Many vintage electronics are affordable, and many club members scour garage sales and flea markets for valuable finds. People who had no idea of the value of items, such as a Catalin red-and-white radio, have brought items into the MARC events.
That radio sold at the silent auction at last year’s Farmington show for $1,400.
“She didn’t have a clue,” Reinicke said. “It was sitting in a closet. She didn’t want it.”
At the summer show in Lansing, an old Sparton Nocturne radio that had deteriorated in a barn sold at the live auction during that event for $34,000.
“Had it not been in a barn (deteriorating), it could have sold for $70,000 to $80,000,” Reinicke said. “Most things are not likely to be one of these. That’s what makes it such a good hobby. You can get a nice collection without spending a fortune.”
That said, some club members have brought home more than they expected in their hunt for vintage electronics, such as mice in radios, and in one case, a possum. However, items at the show will be varmint-free, Reinicke said.
MARC member Robert Murrell has been interested in crystal radios since he was a kid growing up in Berkley in the mid ’60s. “We lived in the shadow of the WJR radio station antennae on Greenfield, and you could make almost anything into a crystal radio,” Murrell said.
He explained that crystal radios don’t require any batteries and work with simple components, good antennae that are then grounded, preferably to a cold-water pipe.
“I could pick up several radio stations without a battery,” he said.
In 1985, he dusted off some World War II bomber radio equipment — which an elderly Berkley resident and Ham operator gave him and was gathering dust in his basement — and jumped back into his radio hobby, he said.
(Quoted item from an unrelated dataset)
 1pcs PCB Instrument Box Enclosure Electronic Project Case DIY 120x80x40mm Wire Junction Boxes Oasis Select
Morrell runs the “radio rescue” at the show; people can bring him their old radios and he will appraise them, tell them where they can get them repaired or restored, or help them sell them on the spot, a similar format to the PBS TV show “Antiques Roadshow.”
Morrell does it for free because he said he hates to see people cheated out of the value of valuable antiques.
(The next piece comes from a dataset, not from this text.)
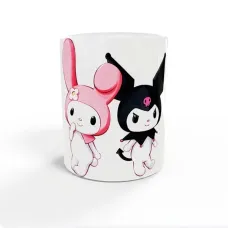 Кухоль Orca Kuromi Onegai My Melody 330 мл Білий (0784) Кухоль Orca Kuromi Onegai My Melody 330 мл Білий (0784)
He said 90 percent of the items at the show are worth about $100, but “sometimes it’s in the thousands. Radios made in the ’50s and ’60s, named mid-century modern, are popular right now.”
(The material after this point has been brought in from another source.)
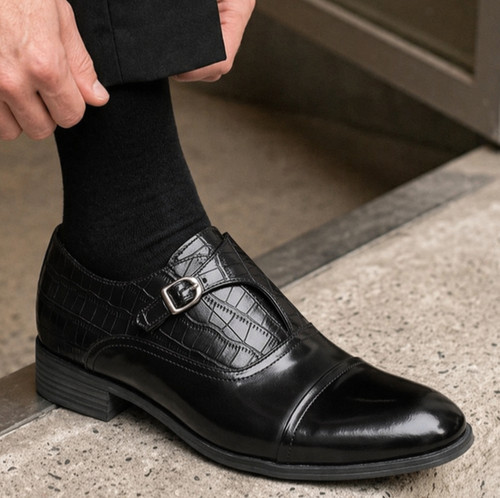 Mens formal dress - shoes, buckle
Morrell has restored a number of old wooden radios because wood is “more forgiving. Metal and plastic are harder to work with.” He does it mostly for the love of the hobby, rather than to make money, he said. He noted that modern components electrically work the same as the old components. “The newer ones are just a lot smaller. Also, so many vacuum tubes were made, there’s still plenty of stock available. Getting a radio working is not so difficult. It’s the amount of time you have to put into it.”
He said the show is a great place for a beginner to start collecting.
The show will be held 9 a.m.-2 p.m. Jan. 19 at the Costick Center, 28600 W. 11 Mile, between Middlebelt and Inkster in Farmington Hills. The cost to attend is $5 for adults, free for children younger than 14. For information about the MARC, call (248) 626-4895 or visit www.michiganantiqueradio.org.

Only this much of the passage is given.